Paulo de Tarso Santos (12 January 1926 – 13 July 2019) was a Brazilian lawyer, teacher, and politician. He occupied various public roles throughout his career, including those of Minister of Education in 1963, mayor of Brasília in 1961, Federal Deputy, State Secretary for Education in São Paulo between 1983 and 1985, and councillor of the São Paulo Court of Accounts (Tribunal de Contas) from 1985 until 1991.

== Biography ==
Born in Minas Gerais, he graduated with a bachelor's degree in political and social sciences from the University of São Paulo Law School in 1949, being awarded the Rodrigues Alves Filho and Duarte de Azevedo Prizes for academic excellence. He later continued his studies in the Pontifical Catholic University of São Paulo, where he specialized in Civil Procedural Law and Business Law. He married Maria Nilse da Cunha Santos and had five children. The family's private archive was donated in 2015 to the Federal District Public Archive.

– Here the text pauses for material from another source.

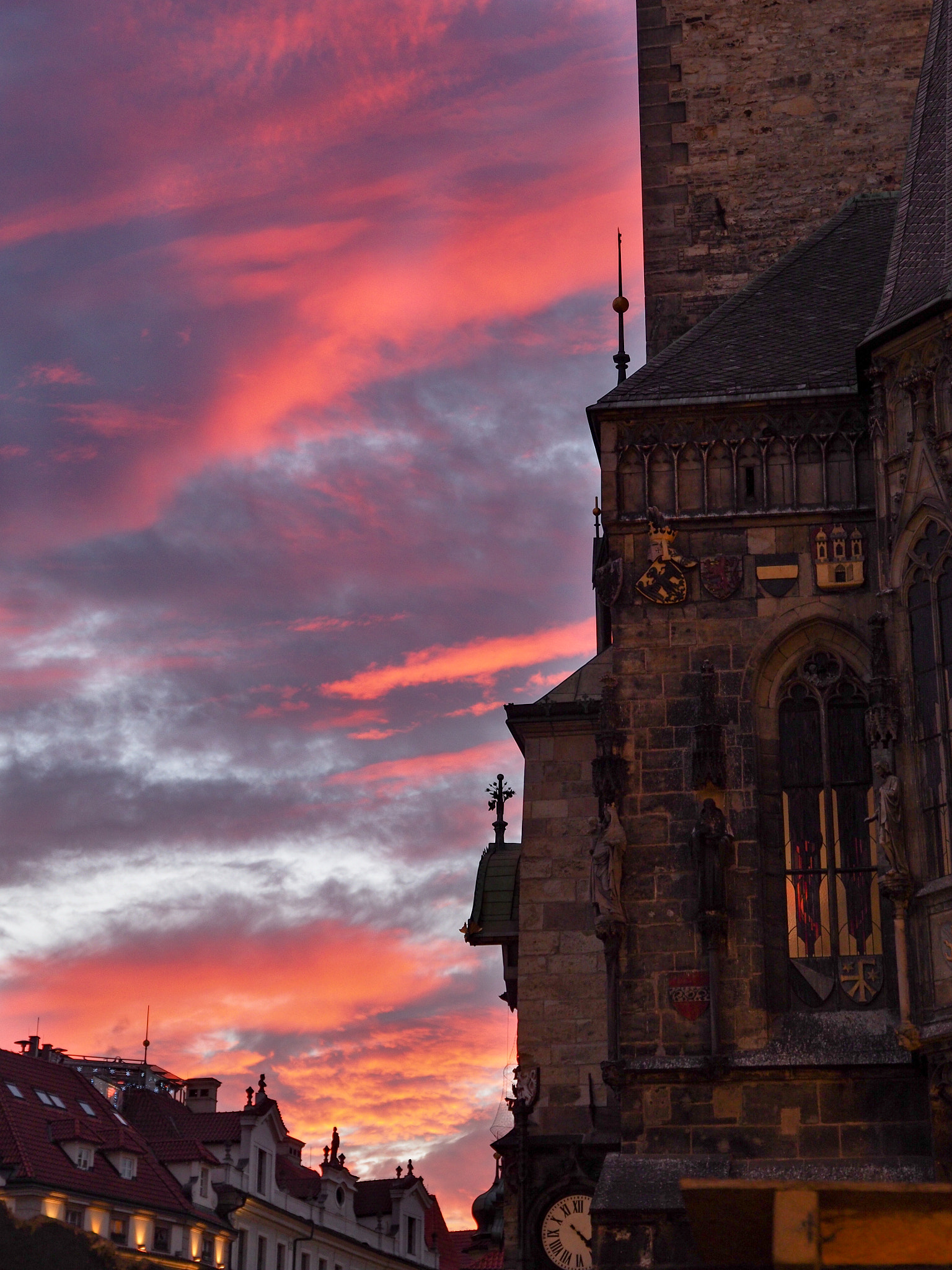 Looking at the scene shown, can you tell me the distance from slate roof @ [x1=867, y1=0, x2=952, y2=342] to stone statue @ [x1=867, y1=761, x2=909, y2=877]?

He worked as a lawyer for the Brazilian Bank of Discounts from 1948 to 1952. Entering politics through the Christian Democratic Party (PDC), Santos supported politician Jânio Quadros in his electoral campaigns. In the 1955 municipal elections, he was elected for a seat in the Municipal Chamber of São Paulo. In 1958, he was elected Federal Deputy. He later helped Jânio Quadros reach the Brazilian presidency in 1960, being nominated as mayor of Brasília by Quadros in February 1961. Santos kept the role until August, when Quadros resigned.

During his mandate as mayor of Brasília, he ordered the creation of commissions that would later kickstart public transport, cultural activities, and social services in the newly created Federal District. His actions were also important for the urbanization of the Asa Norte and Núcleo Bandeirante neighborhoods. Santos also hired the first teachers in Brasília.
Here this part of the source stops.